**Task requirements**
Up to and including the line containing "Jogo de Cama", set down each line of the entries below exactly, starting from the first, and leave out the rest.

Start of Block

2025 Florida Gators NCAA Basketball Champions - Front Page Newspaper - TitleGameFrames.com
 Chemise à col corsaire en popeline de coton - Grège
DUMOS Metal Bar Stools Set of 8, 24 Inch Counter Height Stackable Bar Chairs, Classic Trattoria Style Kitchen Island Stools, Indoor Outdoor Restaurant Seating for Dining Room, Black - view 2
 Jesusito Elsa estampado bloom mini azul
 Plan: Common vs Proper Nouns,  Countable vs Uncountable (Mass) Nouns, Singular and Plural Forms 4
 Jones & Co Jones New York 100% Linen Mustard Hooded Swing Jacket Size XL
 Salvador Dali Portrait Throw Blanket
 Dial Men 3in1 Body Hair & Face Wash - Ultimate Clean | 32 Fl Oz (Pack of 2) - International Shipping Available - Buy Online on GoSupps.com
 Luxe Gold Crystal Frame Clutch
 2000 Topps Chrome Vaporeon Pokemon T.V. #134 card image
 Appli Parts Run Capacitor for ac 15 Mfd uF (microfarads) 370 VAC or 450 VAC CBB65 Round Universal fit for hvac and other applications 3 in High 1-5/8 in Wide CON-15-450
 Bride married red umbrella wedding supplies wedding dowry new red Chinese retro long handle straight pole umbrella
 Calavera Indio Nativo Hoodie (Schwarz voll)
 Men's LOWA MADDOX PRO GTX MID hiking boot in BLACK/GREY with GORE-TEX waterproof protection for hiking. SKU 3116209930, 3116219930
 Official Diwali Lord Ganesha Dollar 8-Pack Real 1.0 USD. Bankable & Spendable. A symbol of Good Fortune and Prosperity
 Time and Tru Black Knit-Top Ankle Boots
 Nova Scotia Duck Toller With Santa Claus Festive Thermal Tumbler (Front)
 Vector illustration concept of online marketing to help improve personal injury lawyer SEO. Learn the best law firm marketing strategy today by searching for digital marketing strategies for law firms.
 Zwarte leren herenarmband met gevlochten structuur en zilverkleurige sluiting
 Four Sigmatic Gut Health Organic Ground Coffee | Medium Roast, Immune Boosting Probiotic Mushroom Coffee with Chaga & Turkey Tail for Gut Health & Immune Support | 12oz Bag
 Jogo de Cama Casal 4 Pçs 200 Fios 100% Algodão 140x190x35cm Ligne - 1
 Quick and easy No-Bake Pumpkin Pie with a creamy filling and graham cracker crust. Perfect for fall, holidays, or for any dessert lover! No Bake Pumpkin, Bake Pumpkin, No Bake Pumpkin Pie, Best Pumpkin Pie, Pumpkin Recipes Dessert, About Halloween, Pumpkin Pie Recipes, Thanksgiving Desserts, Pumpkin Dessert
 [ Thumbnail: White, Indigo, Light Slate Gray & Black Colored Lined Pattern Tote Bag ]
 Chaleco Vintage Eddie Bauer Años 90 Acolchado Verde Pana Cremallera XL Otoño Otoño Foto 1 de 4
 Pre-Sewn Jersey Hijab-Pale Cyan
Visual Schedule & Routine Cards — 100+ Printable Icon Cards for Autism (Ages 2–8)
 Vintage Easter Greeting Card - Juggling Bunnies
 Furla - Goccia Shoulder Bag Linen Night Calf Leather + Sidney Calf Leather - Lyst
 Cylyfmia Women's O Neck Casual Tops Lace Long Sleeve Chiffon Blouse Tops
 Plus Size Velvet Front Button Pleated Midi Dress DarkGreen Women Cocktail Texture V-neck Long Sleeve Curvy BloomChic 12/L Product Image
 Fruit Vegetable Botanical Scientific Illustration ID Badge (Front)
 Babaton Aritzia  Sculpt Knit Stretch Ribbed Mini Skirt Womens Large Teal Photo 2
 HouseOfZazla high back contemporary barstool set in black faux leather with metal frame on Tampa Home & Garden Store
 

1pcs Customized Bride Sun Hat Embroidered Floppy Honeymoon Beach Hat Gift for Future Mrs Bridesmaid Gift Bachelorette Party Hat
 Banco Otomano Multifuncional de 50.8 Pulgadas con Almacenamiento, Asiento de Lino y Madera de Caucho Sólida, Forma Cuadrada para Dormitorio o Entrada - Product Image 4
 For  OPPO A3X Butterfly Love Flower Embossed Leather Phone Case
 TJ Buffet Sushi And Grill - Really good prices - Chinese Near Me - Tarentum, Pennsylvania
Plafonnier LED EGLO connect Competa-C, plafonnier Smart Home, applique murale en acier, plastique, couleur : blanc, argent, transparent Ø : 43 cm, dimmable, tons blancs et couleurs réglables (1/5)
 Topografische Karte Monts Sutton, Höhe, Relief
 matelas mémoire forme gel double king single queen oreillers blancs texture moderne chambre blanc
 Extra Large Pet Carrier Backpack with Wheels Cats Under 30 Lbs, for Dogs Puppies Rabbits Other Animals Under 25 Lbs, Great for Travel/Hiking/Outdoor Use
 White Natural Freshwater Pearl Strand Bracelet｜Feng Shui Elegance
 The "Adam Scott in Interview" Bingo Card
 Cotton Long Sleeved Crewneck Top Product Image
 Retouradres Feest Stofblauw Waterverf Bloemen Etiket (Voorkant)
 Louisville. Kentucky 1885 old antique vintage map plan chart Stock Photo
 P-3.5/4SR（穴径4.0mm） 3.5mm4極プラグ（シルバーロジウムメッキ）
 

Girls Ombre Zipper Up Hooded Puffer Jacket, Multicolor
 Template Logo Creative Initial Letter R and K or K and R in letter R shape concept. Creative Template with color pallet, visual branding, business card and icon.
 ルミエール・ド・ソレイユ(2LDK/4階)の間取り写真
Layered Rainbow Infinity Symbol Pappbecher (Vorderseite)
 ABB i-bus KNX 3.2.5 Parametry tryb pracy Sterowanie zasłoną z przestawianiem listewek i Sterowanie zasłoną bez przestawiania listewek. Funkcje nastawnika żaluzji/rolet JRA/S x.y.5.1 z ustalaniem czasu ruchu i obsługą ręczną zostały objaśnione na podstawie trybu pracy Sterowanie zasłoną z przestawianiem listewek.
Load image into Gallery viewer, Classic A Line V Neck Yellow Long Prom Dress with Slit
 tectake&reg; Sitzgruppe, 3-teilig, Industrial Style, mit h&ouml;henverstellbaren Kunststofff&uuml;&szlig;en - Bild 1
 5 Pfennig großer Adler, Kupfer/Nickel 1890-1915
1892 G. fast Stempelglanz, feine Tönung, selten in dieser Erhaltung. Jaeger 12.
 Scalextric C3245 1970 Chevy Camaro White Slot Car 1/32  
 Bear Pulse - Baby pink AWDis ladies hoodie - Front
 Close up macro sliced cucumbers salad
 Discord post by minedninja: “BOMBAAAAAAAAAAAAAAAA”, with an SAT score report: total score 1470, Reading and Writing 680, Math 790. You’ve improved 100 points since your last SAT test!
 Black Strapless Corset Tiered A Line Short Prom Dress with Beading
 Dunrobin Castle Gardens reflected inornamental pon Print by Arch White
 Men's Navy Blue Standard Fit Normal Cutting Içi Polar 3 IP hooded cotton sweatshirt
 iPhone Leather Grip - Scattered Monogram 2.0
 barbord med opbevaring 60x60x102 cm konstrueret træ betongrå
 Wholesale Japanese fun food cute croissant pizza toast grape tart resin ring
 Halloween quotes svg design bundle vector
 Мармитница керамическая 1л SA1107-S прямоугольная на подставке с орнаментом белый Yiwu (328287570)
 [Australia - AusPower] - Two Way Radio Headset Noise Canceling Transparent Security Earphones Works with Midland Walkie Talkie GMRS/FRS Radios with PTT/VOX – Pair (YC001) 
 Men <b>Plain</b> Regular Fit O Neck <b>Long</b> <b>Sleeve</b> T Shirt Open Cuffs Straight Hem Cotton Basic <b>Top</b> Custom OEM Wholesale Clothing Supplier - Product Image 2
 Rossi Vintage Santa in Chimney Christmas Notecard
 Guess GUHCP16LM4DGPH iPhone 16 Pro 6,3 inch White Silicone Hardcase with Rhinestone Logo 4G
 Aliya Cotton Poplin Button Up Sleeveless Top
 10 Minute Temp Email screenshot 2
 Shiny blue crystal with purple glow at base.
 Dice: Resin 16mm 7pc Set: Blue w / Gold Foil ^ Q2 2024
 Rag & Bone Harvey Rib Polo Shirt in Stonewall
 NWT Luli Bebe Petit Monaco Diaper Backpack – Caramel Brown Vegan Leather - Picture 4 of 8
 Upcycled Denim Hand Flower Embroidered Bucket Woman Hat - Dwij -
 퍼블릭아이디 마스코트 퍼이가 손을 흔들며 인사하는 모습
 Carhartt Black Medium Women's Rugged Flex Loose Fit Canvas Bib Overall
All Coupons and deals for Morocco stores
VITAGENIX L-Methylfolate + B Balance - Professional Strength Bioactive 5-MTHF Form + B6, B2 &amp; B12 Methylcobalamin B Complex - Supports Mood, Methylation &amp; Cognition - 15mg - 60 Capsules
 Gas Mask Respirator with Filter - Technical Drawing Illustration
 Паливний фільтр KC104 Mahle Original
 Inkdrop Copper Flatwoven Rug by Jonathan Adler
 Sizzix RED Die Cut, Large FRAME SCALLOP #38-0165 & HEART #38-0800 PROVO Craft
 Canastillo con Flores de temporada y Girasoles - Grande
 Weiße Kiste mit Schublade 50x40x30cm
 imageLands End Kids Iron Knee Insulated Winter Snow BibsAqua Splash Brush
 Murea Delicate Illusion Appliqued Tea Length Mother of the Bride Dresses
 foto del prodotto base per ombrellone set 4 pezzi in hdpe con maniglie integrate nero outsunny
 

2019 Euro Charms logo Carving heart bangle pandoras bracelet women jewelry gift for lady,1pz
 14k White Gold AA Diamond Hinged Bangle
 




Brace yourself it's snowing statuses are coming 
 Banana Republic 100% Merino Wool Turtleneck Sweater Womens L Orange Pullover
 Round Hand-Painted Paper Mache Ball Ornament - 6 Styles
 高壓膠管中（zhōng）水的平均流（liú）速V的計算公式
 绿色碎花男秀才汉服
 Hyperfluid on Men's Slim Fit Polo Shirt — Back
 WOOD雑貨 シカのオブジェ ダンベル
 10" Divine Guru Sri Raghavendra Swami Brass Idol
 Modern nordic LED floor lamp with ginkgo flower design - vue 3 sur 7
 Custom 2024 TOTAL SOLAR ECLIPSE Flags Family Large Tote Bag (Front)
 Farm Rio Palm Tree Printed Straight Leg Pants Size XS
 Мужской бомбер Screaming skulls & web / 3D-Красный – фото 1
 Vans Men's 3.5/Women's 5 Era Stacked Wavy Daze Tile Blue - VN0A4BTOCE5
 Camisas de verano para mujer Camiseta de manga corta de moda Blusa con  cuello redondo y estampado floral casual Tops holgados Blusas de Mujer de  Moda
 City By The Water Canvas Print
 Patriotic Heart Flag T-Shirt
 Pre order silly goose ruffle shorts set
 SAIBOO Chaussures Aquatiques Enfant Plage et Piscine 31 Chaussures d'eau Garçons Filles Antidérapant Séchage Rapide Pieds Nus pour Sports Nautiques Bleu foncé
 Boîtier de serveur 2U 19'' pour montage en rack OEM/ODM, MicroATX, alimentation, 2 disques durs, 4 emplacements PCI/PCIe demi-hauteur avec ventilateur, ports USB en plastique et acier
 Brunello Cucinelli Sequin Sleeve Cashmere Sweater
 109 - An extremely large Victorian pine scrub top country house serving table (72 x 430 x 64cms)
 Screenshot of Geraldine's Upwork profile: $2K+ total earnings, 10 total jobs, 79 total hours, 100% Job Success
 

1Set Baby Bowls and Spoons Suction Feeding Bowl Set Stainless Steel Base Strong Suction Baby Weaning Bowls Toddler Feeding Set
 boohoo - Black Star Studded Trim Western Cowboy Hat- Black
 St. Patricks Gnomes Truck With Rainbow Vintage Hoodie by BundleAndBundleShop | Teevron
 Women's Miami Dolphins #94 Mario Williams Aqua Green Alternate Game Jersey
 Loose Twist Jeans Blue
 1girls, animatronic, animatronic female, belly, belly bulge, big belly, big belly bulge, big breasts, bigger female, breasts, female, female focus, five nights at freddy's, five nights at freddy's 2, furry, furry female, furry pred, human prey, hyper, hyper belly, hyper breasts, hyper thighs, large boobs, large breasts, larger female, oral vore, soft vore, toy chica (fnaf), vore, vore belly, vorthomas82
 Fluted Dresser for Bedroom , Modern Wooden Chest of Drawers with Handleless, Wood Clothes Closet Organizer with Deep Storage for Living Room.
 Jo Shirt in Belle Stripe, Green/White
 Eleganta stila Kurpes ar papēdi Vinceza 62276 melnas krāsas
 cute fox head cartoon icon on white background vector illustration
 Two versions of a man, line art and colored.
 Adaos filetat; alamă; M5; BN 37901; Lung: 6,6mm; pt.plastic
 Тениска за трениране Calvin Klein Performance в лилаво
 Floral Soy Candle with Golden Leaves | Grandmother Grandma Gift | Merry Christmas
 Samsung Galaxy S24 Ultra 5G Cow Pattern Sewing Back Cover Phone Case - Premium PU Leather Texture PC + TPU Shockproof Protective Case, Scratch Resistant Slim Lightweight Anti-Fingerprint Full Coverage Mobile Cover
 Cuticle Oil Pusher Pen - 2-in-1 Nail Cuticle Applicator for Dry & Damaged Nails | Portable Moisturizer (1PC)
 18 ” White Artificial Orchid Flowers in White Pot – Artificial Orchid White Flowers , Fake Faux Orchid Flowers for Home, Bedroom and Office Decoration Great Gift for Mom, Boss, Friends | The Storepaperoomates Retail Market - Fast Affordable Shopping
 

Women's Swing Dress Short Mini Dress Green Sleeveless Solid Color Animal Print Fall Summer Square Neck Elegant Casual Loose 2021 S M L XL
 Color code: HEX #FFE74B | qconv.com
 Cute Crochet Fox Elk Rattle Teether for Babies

End of Block

**Solution**
2025 Florida Gators NCAA Basketball Champions - Front Page Newspaper - TitleGameFrames.com
 Chemise à col corsaire en popeline de coton - Grège
DUMOS Metal Bar Stools Set of 8, 24 Inch Counter Height Stackable Bar Chairs, Classic Trattoria Style Kitchen Island Stools, Indoor Outdoor Restaurant Seating for Dining Room, Black - view 2
 Jesusito Elsa estampado bloom mini azul
 Plan: Common vs Proper Nouns,  Countable vs Uncountable (Mass) Nouns, Singular and Plural Forms 4
 Jones & Co Jones New York 100% Linen Mustard Hooded Swing Jacket Size XL
 Salvador Dali Portrait Throw Blanket
 Dial Men 3in1 Body Hair & Face Wash - Ultimate Clean | 32 Fl Oz (Pack of 2) - International Shipping Available - Buy Online on GoSupps.com
 Luxe Gold Crystal Frame Clutch
 2000 Topps Chrome Vaporeon Pokemon T.V. #134 card image
 Appli Parts Run Capacitor for ac 15 Mfd uF (microfarads) 370 VAC or 450 VAC CBB65 Round Universal fit for hvac and other applications 3 in High 1-5/8 in Wide CON-15-450
 Bride married red umbrella wedding supplies wedding dowry new red Chinese retro long handle straight pole umbrella
 Calavera Indio Nativo Hoodie (Schwarz voll)
 Men's LOWA MADDOX PRO GTX MID hiking boot in BLACK/GREY with GORE-TEX waterproof protection for hiking. SKU 3116209930, 3116219930
 Official Diwali Lord Ganesha Dollar 8-Pack Real 1.0 USD. Bankable & Spendable. A symbol of Good Fortune and Prosperity
 Time and Tru Black Knit-Top Ankle Boots
 Nova Scotia Duck Toller With Santa Claus Festive Thermal Tumbler (Front)
 Vector illustration concept of online marketing to help improve personal injury lawyer SEO. Learn the best law firm marketing strategy today by searching for digital marketing strategies for law firms.
 Zwarte leren herenarmband met gevlochten structuur en zilverkleurige sluiting
 Four Sigmatic Gut Health Organic Ground Coffee | Medium Roast, Immune Boosting Probiotic Mushroom Coffee with Chaga & Turkey Tail for Gut Health & Immune Support | 12oz Bag
 Jogo de Cama Casal 4 Pçs 200 Fios 100% Algodão 140x190x35cm Ligne - 1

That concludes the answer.